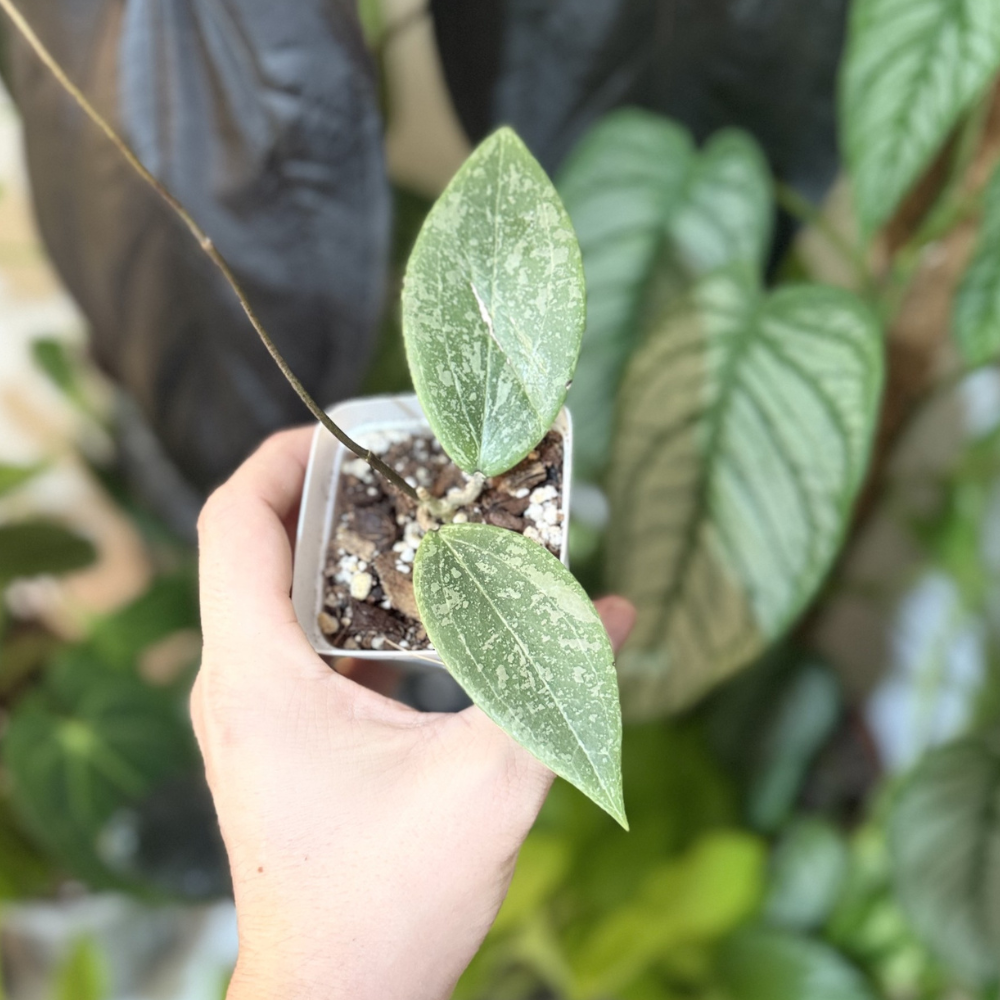 Hoya verticillata (wibergiae)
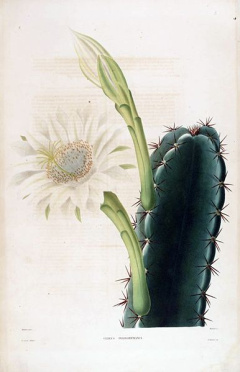 Cereus hexagonus.jpg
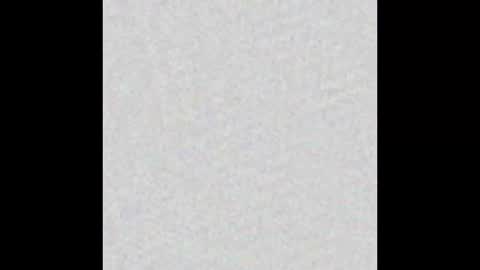 Alisse online show from January 2026 11:57:02 AM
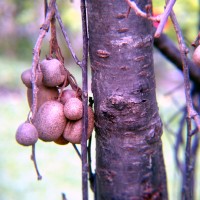 20111203807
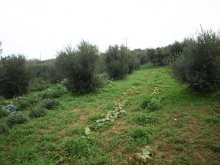 Crete Land For Sale - 2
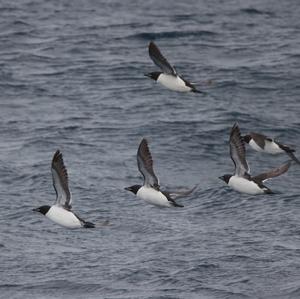 Thick-billed Guillemot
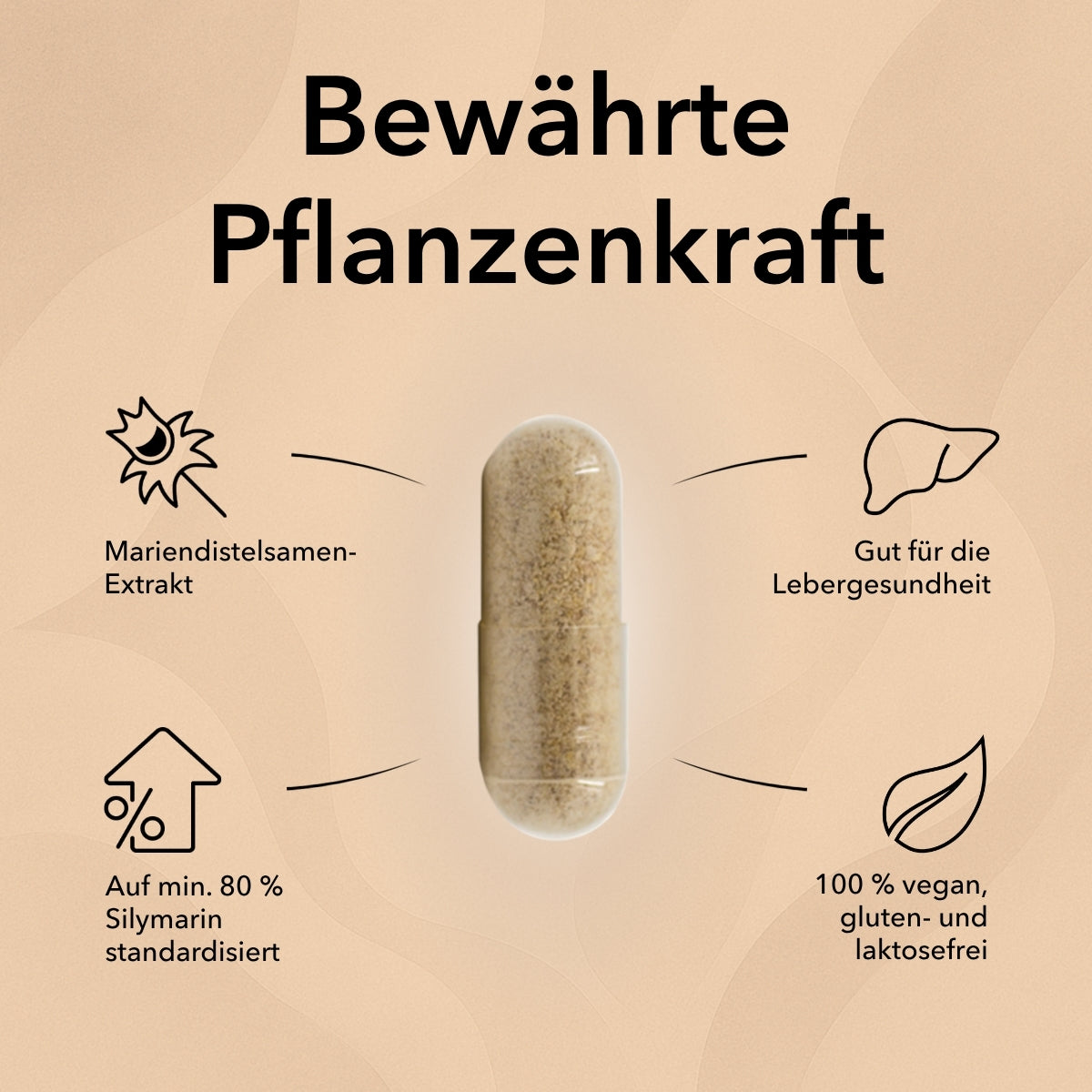 Die Kapsel von Mariendistel mit Produktinformationen dazu mit folgendem Text: Mariendistelsamen-Extrakt, auf mind. 80 % Silymarin standardisiert, gut für die Lebergesundheit, 100% vegan, gluten- und laktosefrei, pflanzliches Mittel für die Leber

###

**Your instructions**: Leave the pictures out. Transcribe exactly the lines from the one with "Alisse online show" through the end of the records.

**Task result**:
 Alisse online show from January 2026 11:57:02 AM
 20111203807
 Crete Land For Sale - 2
 Thick-billed Guillemot
 Die Kapsel von Mariendistel mit Produktinformationen dazu mit folgendem Text: Mariendistelsamen-Extrakt, auf mind. 80 % Silymarin standardisiert, gut für die Lebergesundheit, 100% vegan, gluten- und laktosefrei, pflanzliches Mittel für die Leber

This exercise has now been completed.